#### EXERCISE
What you return should match the data word for word, minus the images.

#### SOURCE DATA
<<<<

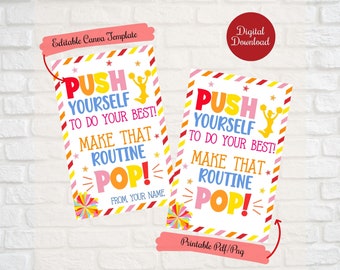 May include: Printable cheer sign with a colorful design and the text "Push yourself to do your best! Make that routine pop!" with a cheerleader graphic. The sign is editable and printable.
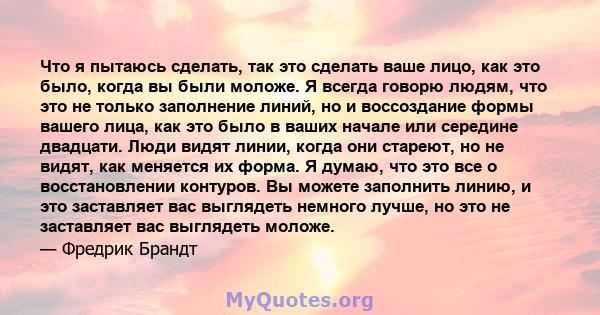 Что я пытаюсь сделать, так это сделать ваше лицо, как это было, когда вы были моложе. Я всегда говорю людям, что это не только заполнение линий, но и воссоздание формы вашего лица, как это было в ваших начале или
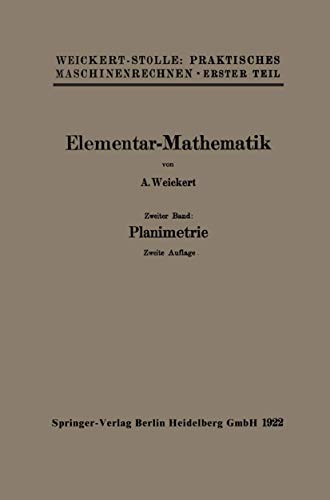 Elementar-Mathematik: Eine leichtfaliche Darstellung der fr Maschinenbauer und [Paperback]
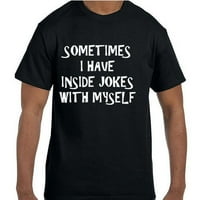 Забавен хумор понякога имам вътрешни шеги със себе си тениска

>>>>

#### OUTPUT FOR THIS EXERCISE
 May include: Printable cheer sign with a colorful design and the text "Push yourself to do your best! Make that routine pop!" with a cheerleader graphic. The sign is editable and printable.
 Что я пытаюсь сделать, так это сделать ваше лицо, как это было, когда вы были моложе. Я всегда говорю людям, что это не только заполнение линий, но и воссоздание формы вашего лица, как это было в ваших начале или
 Elementar-Mathematik: Eine leichtfaliche Darstellung der fr Maschinenbauer und [Paperback]
 Забавен хумор понякога имам вътрешни шеги със себе си тениска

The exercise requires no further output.